Yost’s lawsuit is filed in the Southern District of Ohio, and names two Biden Administration officials – Acting U.S. Commerce Secretary Wynn Coggins and Acting U.S. Census Bureau Director Ron Jarmin as defendants. Jarmin was named acting director in January after Director Steven Dillingham stepped down, the same day President Joe Biden took office.
A White House official didn’t immediately return messages.
The lawsuit says state leaders under the Ohio Constitution would be forced to use “alternative data” – legal experts have suggested this could be census estimates or commercially available mapping data – if the U.S. Census data isn’t available.

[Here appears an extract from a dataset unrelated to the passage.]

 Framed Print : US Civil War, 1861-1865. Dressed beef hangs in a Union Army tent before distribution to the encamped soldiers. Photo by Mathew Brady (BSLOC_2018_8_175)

But state legislative leaders have said they plan to finish maps by the end of the year, believing a judge hearing any legal challenge to the redistricting process will grant them flexibility on the deadlines.
House Speaker Bob Cupp, a Lima Republican, said Thursday he had not thoroughly reviewed Yost’s lawsuit.
“Whatever can be done to comply with the statute would certainly be helpful to our constitutional duties of redrawing congressional and legislative lines,” he said.
Yost said the Census Bureau’s decision to delay the release of the data could force a heated debate over what alternative data Ohio might use instead for redistricting. He also said though that he doesn’t think it’s likely that missing the legal deadlines alone could cause the maps to be nullified in a legal challenge.
“That’s probably not a realistic risk,” he said. “But you’re going to get a court involved at that point, and particularly a federal court may act in ways that aren’t in the best interest of Ohio.”